De acuerdo con el Artículo 75 de nuestra Carta Magna, el Estado, a través del Congreso, tiene la potestad de establecer derechos de importación y exportación, así como de imponer contribuciones (más comúnmente denominadas impuestos o tributos), con el objetivo de favorecer el desarrollo, mejorar la calidad de vida y lograr que exista igualdad de oportunidades para todos los habitantes a lo largo de nuestro vasto territorio.
Con este designio, los legisladores muchas veces se enfrentan a la difícil tarea de definir lo que comúnmente denominamos políticas de Estado, ya que si bien el destino es claro, los caminos para llegar a él pueden ser muy distintos. Y es en este marco, donde en primer lugar se establece un sistema tributario - en algunos países muy sencillo, en algunos muy complejo, el nuestro adhiere a estos últimos - , que permite financiar al Estado en cuestiones tan básicas como la Seguridad, Salud, Educación y Justicia, entre tantas otras funciones; pero luego deben definirse esquemas que permitan que los tributos impuestos no terminen logrando el objetivo inverso al buscado, esto es, afecten el desarrollo y la calidad de vida de los habitantes.
A modo de ejemplo, podría decidirse incrementar la alícuota del IVA al 25% como posee por ejemplo Dinamarca, lo que permitiría incrementar la recaudación, y con ello mejorar las prestaciones del Estado en Salud o Educación, pero este incremento del Impuesto al Valor Agregado conllevaría un mayor nivel de costos para los individuos, lo que a su vez afectaría la calidad de vida de los mismos, resultado contrario al buscado. También podría duplicarse la tasa máxima del impuesto a las ganancias empresarial, llevándola por ejemplo al 70%, lo que, más allá de los reparos que tal medida tendría, ya que tal accionar sería absolutamente confiscatorio y por ende inconstitucional, seguramente derivaría, en un mediano plazo, en la desaparición de la mayoría de las empresas que hoy operan en nuestro país, afectando nuevamente al desarrollo de la población.
El secreto está, entonces, en lograr no solo la eficacia, sino la eficiencia en el funcionamiento del Estado, con un delicado equilibrio entre obtener una recaudación fiscal suficientemente alta para que los engranajes del sistema funcionen, pero lo suficientemente baja para que la actividad económica no se vea afectada. Pero puede decirse que un sector tiene un beneficio, cuando está sometido a imposición a una alícuota del 28%, mientras que otros sectores están gravados al 35%? Alguien sin duda podría decir que claramente ese sector gravado a una alícuota diferencial, está siendo beneficiado. Pero qué pasa si luego consideramos que ese mismo sector, en otro país, estaría gravado al 21%? Cuando agregamos esta otra variable, parecería que más que beneficiado (cuando comparamos contra otros sectores), está perjudicado (cuando miramos a otros países).

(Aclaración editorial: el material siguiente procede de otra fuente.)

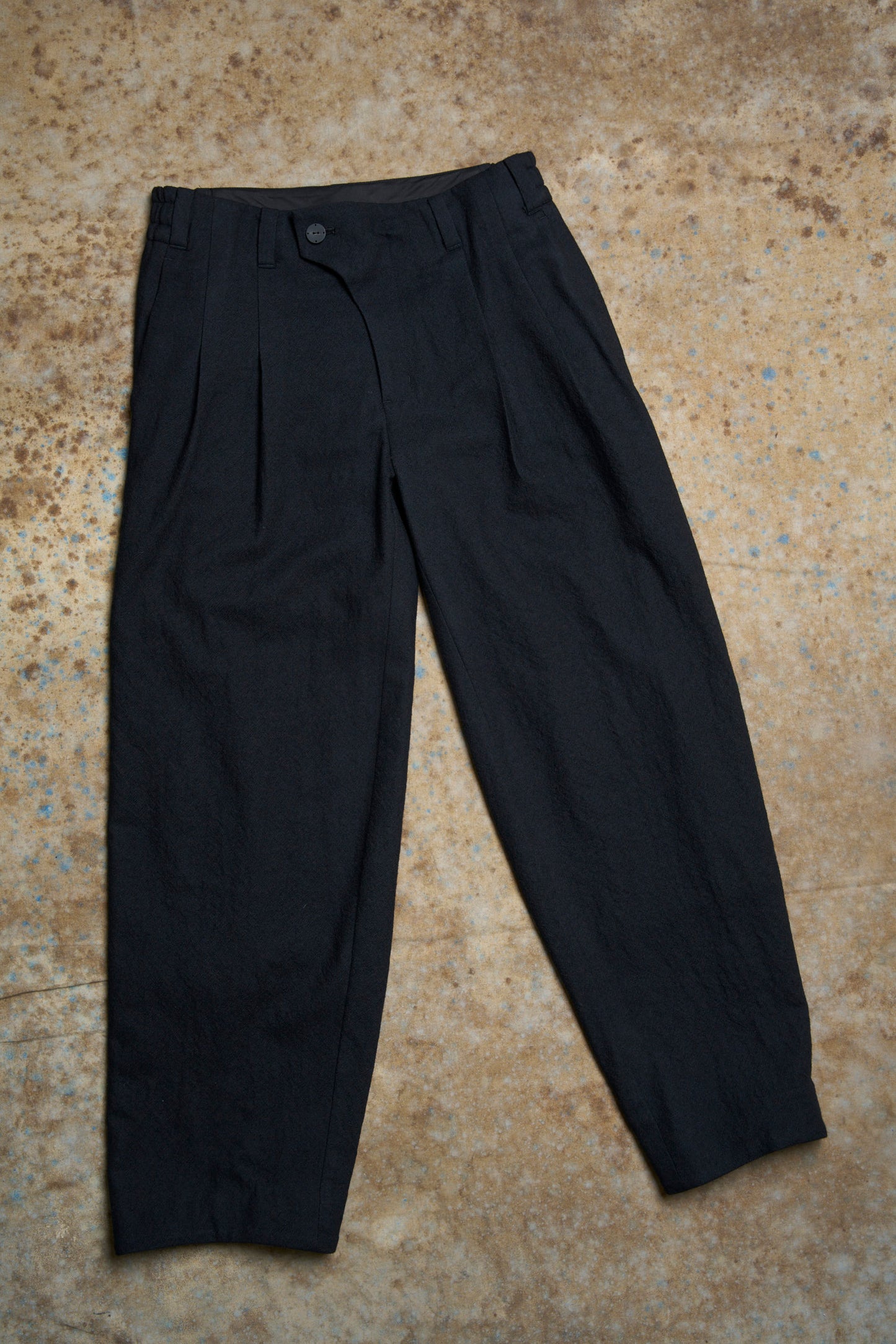 Black Baggy Wide Leg Wool Pants
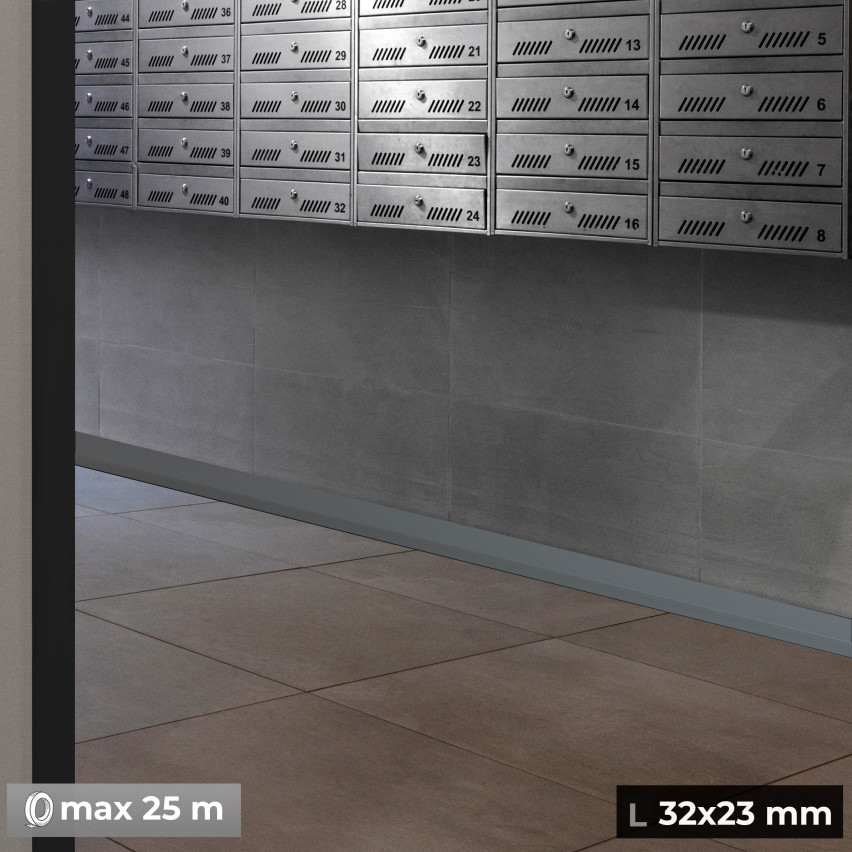 Weichsockelleiste Selbstklebend 50x20 mm, PVC Sockelleiste, Knickleiste für  Wand, Boden Flexibel, Dekorativ, UV-beständig, grau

En este contexto, como decíamos antes, los gobiernos deben decidir a través de qué sectores lograrán el desarrollo, y una vez tomada esta decisión, con qué herramientas lo lograrán. La Economía del Conocimiento es, sin lugar a dudas, un sector donde Argentina posee mucho potencial (debido a cuestiones tan elementales como la calidad educativa de su población, alto porcentaje de sus habitantes anglo parlantes, y otros elementos que también nos favorecen, como una adecuada Zona Horaria que permite brindar servicios en vivo tanto a Europa como Norteamérica), pero que cuando las empresas del sector se ponen a competir, poseen niveles de imposición tributarias y de la seguridad social de los más altos del mundo. Así las cosas, el otorgar una alícuota diferencial a un determinado sector no es dar un beneficio, sino más bien una política de Estado que busca un acto de justicia.